Dependency managers are an example of the kind of tool scientists are willing to spend an hour learning (more if they’re working with C++ or Java, less if they’re working with a scripting language). Understanding how they work, though, requires at least some familiarity with:
- automation (obviously)
- declarative programming (the user declares the “what”, the computer figures out the “how”)
- graphs (which is how these tools figure out what order to do things in)
- queries (since rules are often best expressed using pattern matching)
- programs as data (since dependency managers are programs that run other programs)
So, can we use Make to teach these concepts? Or teach these concepts using Make as an example? I thought so back in 2003 when I put together the first version of “CSC207: Software Design” for the University of Toronto. In their first two programming exercises, students worked with graphs and wrote simple text parsers using regular expressions. They then had to put the two together to create a very (very) simple version of Make.

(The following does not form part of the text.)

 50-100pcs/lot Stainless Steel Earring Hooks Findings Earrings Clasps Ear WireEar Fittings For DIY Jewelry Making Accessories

I thought it worked well, but over the years the exercises were cut back until eventually this one disappeared entirely. There was just too much material in the course, and the various bits weren’t connected strongly enough. While it might work in theory, it didn’t in practice, and would probably fare even less well if crammed into two days of an intensive two-week course. It’s still a good example of how I’d like to tie the practical and conceptual parts of the course together, though; the trick is finding a way to make it work.